Читаем История величия и падения Цезаря Бирото полностью

— Дело будет слушаться на этой неделе, — сказал Попино. — Я подумал, что вы ничего не будете иметь против, если я объясню ваше положение председателю суда; он приказал рассмотреть бумаги Рогена в распорядительном заседании, чтобы выяснить, как давно были растрачены вклады заимодавца, и познакомиться с доказательствами этой растраты, представленными Дервилем, который сам выступает по делу, чтобы избавить вас от расходов.

— Выиграем ли мы тяжбу? — спросила г-жа Бирото.

— Не знаю, — ответил Попино. — Хотя дело поступило в то отделение суда, по которому я числюсь, я воздержусь от его обсуждения, если бы даже меня назначили.

— Неужели могут возникнуть сомнения в таком простом деле? — спросил Пильеро. — Разве в акте не должно быть указаний на передачу сумм и разве нотариус не должен удостоверить, что в его присутствии произведено вручение денег заимодавцем должнику? Попадись Роген в руки правосудия, его отправили бы на каторгу.

— Я считаю, — ответил Попино, — что заимодавец должен получить возмещение из залога за нотариальную контору Рогена и из денег, вырученных за ее продажу; но в суде, даже в более ясных делах, голоса судей делятся иной раз поровну — шесть против шести.

— Как, мадмуазель, господин Роген сбежал? — спросил Ансельм, услышав наконец, о чем говорят вокруг него. — Господин Бирото ни слова не сказал мне об этом, а ведь я готов отдать за него последнюю каплю крови...

Цезарина поняла, что это за него распространяется на всю их семью, и если простодушная девушка и могла ошибиться насчет интонации, то не понять устремленного на нее пламенного взгляда было невозможно.

— Я знаю это, я так ему и говорила; но он все скрыл даже от мамы и доверился только мне одной.

— Вы ему напомнили обо мне в тяжелую минуту? — сказал Попино. — Вы, стало быть, читаете в моем сердце, но все ли вы в нем прочли?

— Быть может.

— Я бесконечно счастлив, — сказал Попино. — Избавьте меня от сомнений, и я через год буду настолько богат, что отец ваш уже не встретит меня так плохо, когда я заговорю с ним о нашем браке. Теперь я буду спать не больше пяти часов в сутки...
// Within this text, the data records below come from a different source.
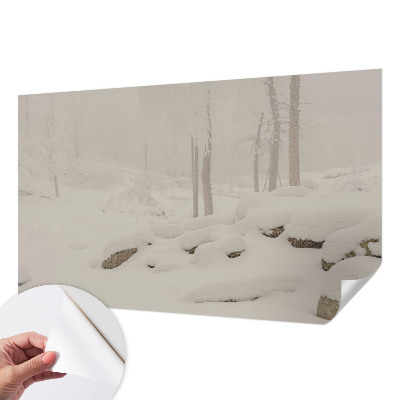 Carta da parati 3D Foresta innevata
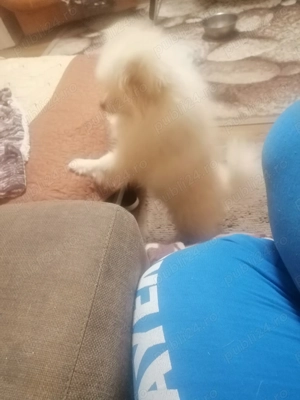 Animale de companie  - imagine 2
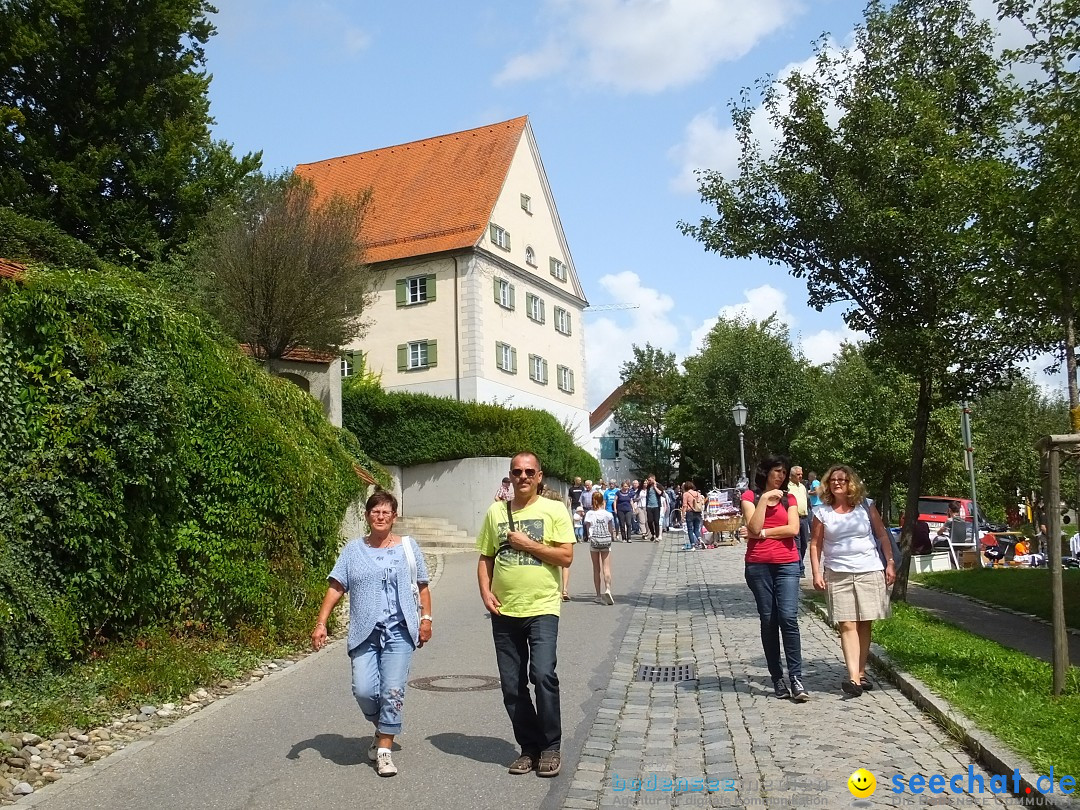 39. Schloss- und Kinderfest: Aulendorf, 20.08.2017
— Только не захворайте, — сказала Цезарина с непередаваемым выражением, бросив на Попино взгляд, в котором можно было прочесть все, что она не высказала словами.

— Жена, — сказал, вставая из-за стола, Цезарь, — похоже, что молодые люди любят друг друга.

— Ну и что ж, тем лучше, — серьезным тоном ответила ему Констанс. — Значит, у нашей дочери будет хороший муж, умный и энергичный человек. Талант — лучше всякого состояния.

Она поспешила уйти из гостиной в комнату г-жи Рагон. В нескольких сказанных за обедом фразах Цезарь проявил такое невежество, что вызвал у Пильеро и судьи Попино улыбку; это напомнило несчастной женщине, как беспомощен ее муж в борьбе с бедой. У Констанс было тяжело на душе, она чувствовала инстинктивное недоверие к дю Тийе, ибо, даже не зная латыни, каждая мать понимает смысл выражения: «Timeo Danaos et dona ferentes»[22]. Она плакала в объятиях дочери и г-жи Рагон, но не захотела объяснять им причину своих слез.

— Нервы, — сказала она.

Конец вечера старики провели за картами, а молодежь играла в фанты — игра, которая называется «невинной», очевидно, потому, что прикрывает невинные хитрости мещанской любви. Супруги Матифа тоже приняли в ней участие.

— Цезарь, — сказала Констанс по дороге домой, — ступай третьего числа к барону Нусингену. Надо узнать заблаговременно, сможешь ли ты заплатить пятнадцатого. Ведь в случае какого-нибудь затруднения ты не раздобудешь сразу нужные средства.

— Хорошо, жена, пойду, — отвечал Цезарь и, пожав руки Констанс и Цезарине, прибавил: — Дорогие мои кошечки, невеселый новогодний подарок я вам преподнес!

В полутьме фиакра обе женщины не могли видеть лицо бедного парфюмера, но почувствовали, как на руки им закапали горячие слезы.

— Не падай духом, друг мой! — сказала Констанс.

— Все будет хорошо, папенька. Господин Ансельм Попино сказал мне, что готов отдать за тебя последнюю каплю крови.

— За меня, а главное, за мою дочку, не так ли? — подхватил Цезарь, стараясь казаться веселым.

Цезарина пожала отцу руку, давая ему понять, что Ансельм стал ее женихом.